** STORED DATA follows **
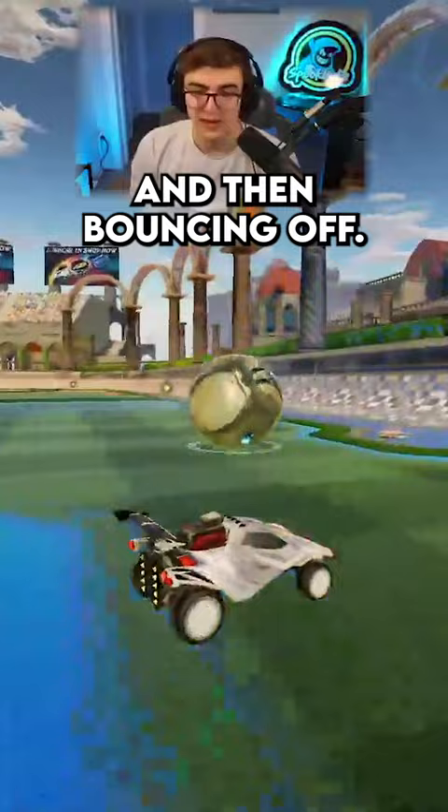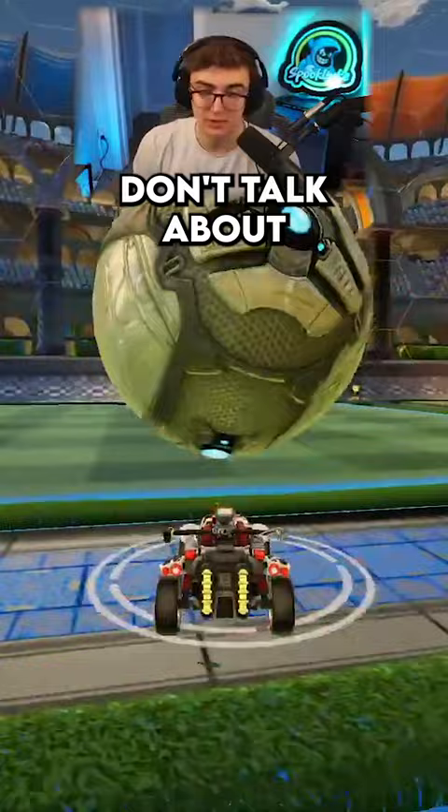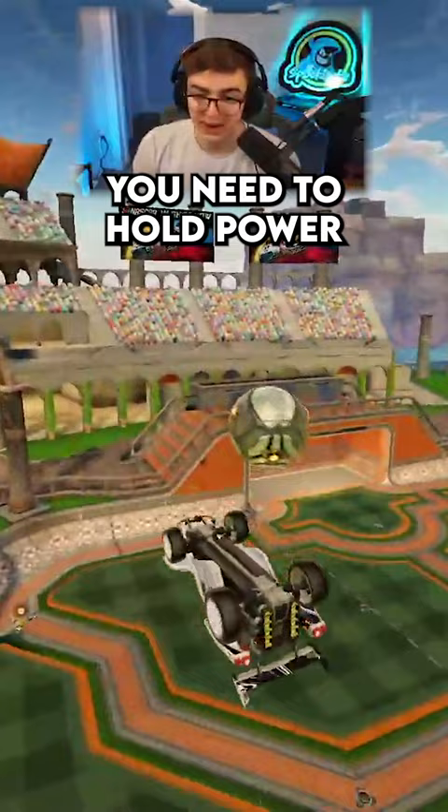But the real key to the ceiling shot that a lot of people don't talk about is after you do land on the ceiling, you need to hold power slide right there. If you jump up and you don't hold power slide, you're going to bounce off the ceiling. It's going to be really awkward and you might spin out.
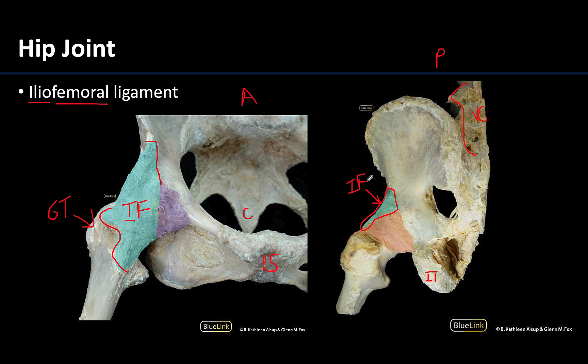There are other ligaments associated with the hip joint that you are not responsible for identifying, but for completeness: the pubofemoral ligament, as its name suggests, attaches from the pubis to the femur, and its fibers often become intermingled with the iliofemoral. In the posterior view, you have the ischiofemoral ligament shaded in light orange, which runs between the ischium and the femur. But again, it is the iliofemoral ligament that is the largest and strongest.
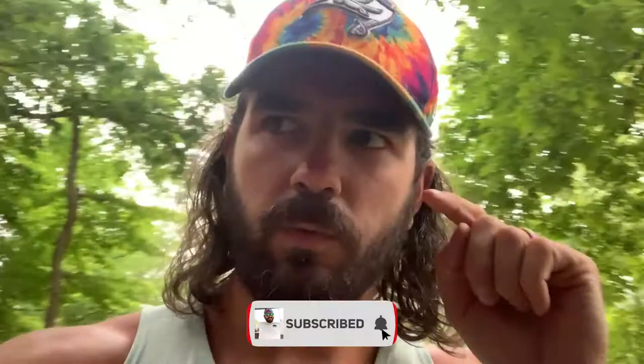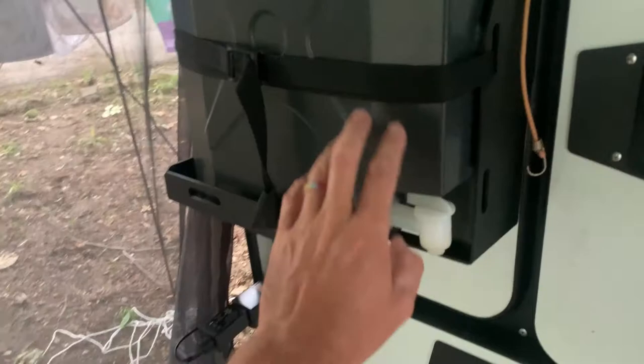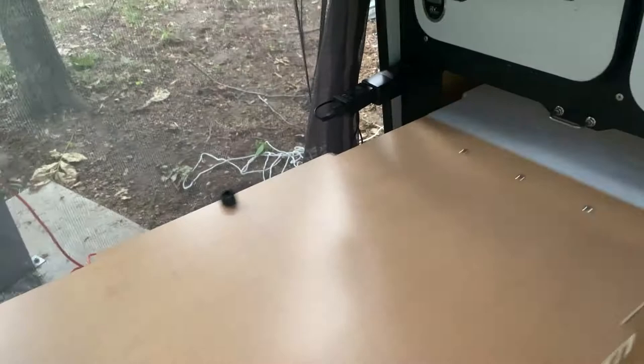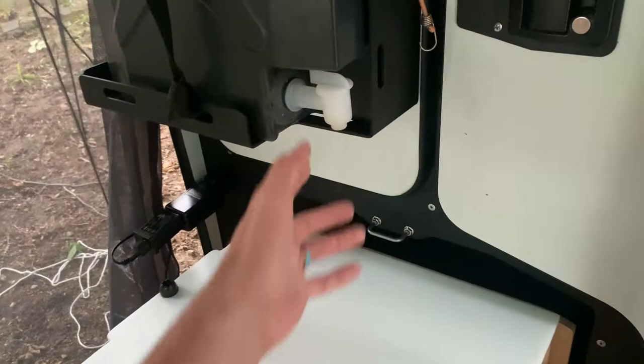Let's start with a positive thing that surprised me — something I didn't think was going to be a big deal but I've liked a ton. They have a five-gallon water tank right above the galley pull-out. When we're cooking and have everything pulled out, if we need to wash something or need water for food or pots and pans, it's right there. We don't have to have anything hooked up. It's one of the things I've liked more than I thought I would.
** End of STORED DATA **
ASSIGNMENT —
Retype the whole listing word for word. Skip the pictures.

EXERCISE RESULT —
But the real key to the ceiling shot that a lot of people don't talk about is after you do land on the ceiling, you need to hold power slide right there. If you jump up and you don't hold power slide, you're going to bounce off the ceiling. It's going to be really awkward and you might spin out.
There are other ligaments associated with the hip joint that you are not responsible for identifying, but for completeness: the pubofemoral ligament, as its name suggests, attaches from the pubis to the femur, and its fibers often become intermingled with the iliofemoral. In the posterior view, you have the ischiofemoral ligament shaded in light orange, which runs between the ischium and the femur. But again, it is the iliofemoral ligament that is the largest and strongest.
Let's start with a positive thing that surprised me — something I didn't think was going to be a big deal but I've liked a ton. They have a five-gallon water tank right above the galley pull-out. When we're cooking and have everything pulled out, if we need to wash something or need water for food or pots and pans, it's right there. We don't have to have anything hooked up. It's one of the things I've liked more than I thought I would.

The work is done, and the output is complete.